埃及人相信,每个人都是由身体和精神两个部分组成。除了身体,每个人都有一个影子、一个人格或灵魂,一个生命力和一个名字。他们认为,思想和情感的来源不是大脑而是心灵,人死亡之后精神部分从身体里释放出来可以随意移动,但他们需要身体(或替代品,如雕像)作为一个永久的家。释放灵魂的最终目的是成为“受福的逝者”。
Fine ceramics and high technology ofglass
Even before the Old Kingdom, the ancient Egyptians had developed a glassy material known as faience, which they treated as a type of artificial semi-precious stone. Faience is a non-clay ceramic made of silica, small amounts of lime and soda, and a colorant, typically copper. The material was used to make beads, tiles, figurines, and small wares. By a related technique, the ancient Egyptians produced a pigment known as Egyptian Blue, also called blue frit, which is produced by fusing silica, copper, lime, and an alkali such as natron. The product can be ground up and used as a pigment.
The ancient Egyptians could fabricate a wide variety of objects from glass with great skill, but it is not clear whether they developed the process independently. It is also unclear whether they made their own raw glass or merely imported pre-made ingots, which they melted and finished. However, they did have technical expertise in making objects, as well as adding trace elements to control the color of the finished glass. A range of colors could be produced, including yellow, red, green, blue, purple, and white, and the glass could be made either transparent or opaque.
精美的陶瓷和高超的玻璃技术
甚至在旧王国时期之前,古埃及人已经开发出了一种玻璃材料,它们被称为彩陶,被人们视为一种人造的半宝石。彩陶是由硅石、少量石灰和纯碱混制,通常是用铜的着色剂制成的非黏土,这种材料被用来制造玻璃粉、瓷砖、雕像和小商品。通过相关技术,古埃及人制作出来一种被称为埃及蓝的颜料,又称蓝玻璃,这是将硅、铜、石灰和碱融合生产而成的,该产品可磨碎用作颜料。
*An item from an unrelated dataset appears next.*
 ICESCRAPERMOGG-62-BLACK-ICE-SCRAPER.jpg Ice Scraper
古埃及人具有高超的技术,可以用玻璃制造出各种各样的物体,但目前尚不清楚他们当时的制作过程是不是独立的,也不知道他们自己的毛坯玻璃是制造的还是进口的预制锭,他们只是融化成品而已。然而,他们有着专业的制造技术,还懂得加入微量元素控制玻璃成品的色彩,从而生产出包括黄、红、绿、蓝、紫、白等一系列颜色的玻璃制品,这些玻璃可以制成透明的,也可以制成不透明的。
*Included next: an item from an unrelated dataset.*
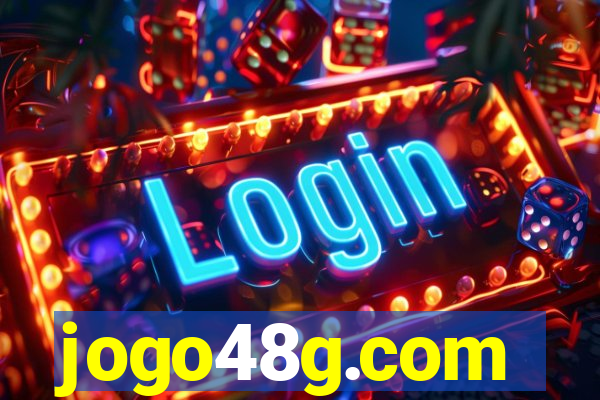 jogo48g.com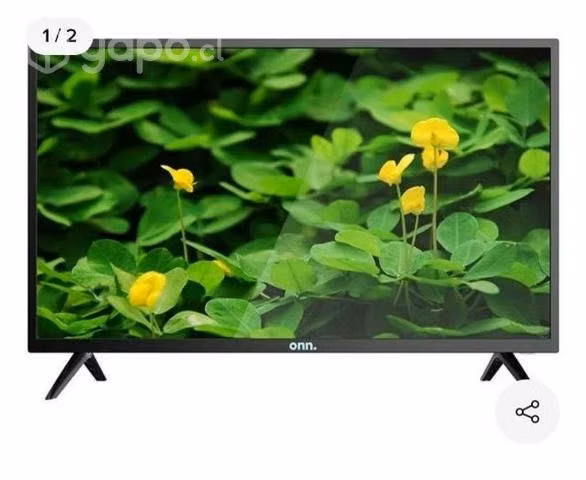 Led 32 pulgadas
Ancient Egyptian medicine:The health
wisdom against misfortunes and mishaps
The medical problems of the ancient Egyptians stemmed directly from their environment. Living and working close to the Nile brought hazards from malaria and debilitating schistosomiasis parasites, which caused liver and intestinal damage. Dangerous wildlife such as crocodiles and hippos were also a common threat. The lifelong labors of farming and building put stress on the spine and joints, and traumatic injuries from construction and warfare all took a significant toll on the body. The grit and sand from stone-ground flour abraded teeth, leaving them susceptible to abscesses (though caries were rare). The diets of the wealthy were rich in sugars, which promoted periodontal disease. Despite the flattering physiques portrayed on tomb walls, the overweight mummies of many of the upper class show the effects of a life of overindulgence. Adult life expectancy was about 35 for men and 30 for women, but about one-third of the population died in infancy.
Ancient Egyptian physicians were renowned in the ancient Near East for their healing skills, and some, such as Imhotep, remained famous long after their deaths. Herodotus remarked that there was a high degree of specialization among Egyptian physicians, with some treating only the head or the stomach, while others were eye-doctors and dentists. Training of physicians took place at the "House of Life" institution. Medical papyri show empirical knowledge of anatomy, injuries, and practical treatments.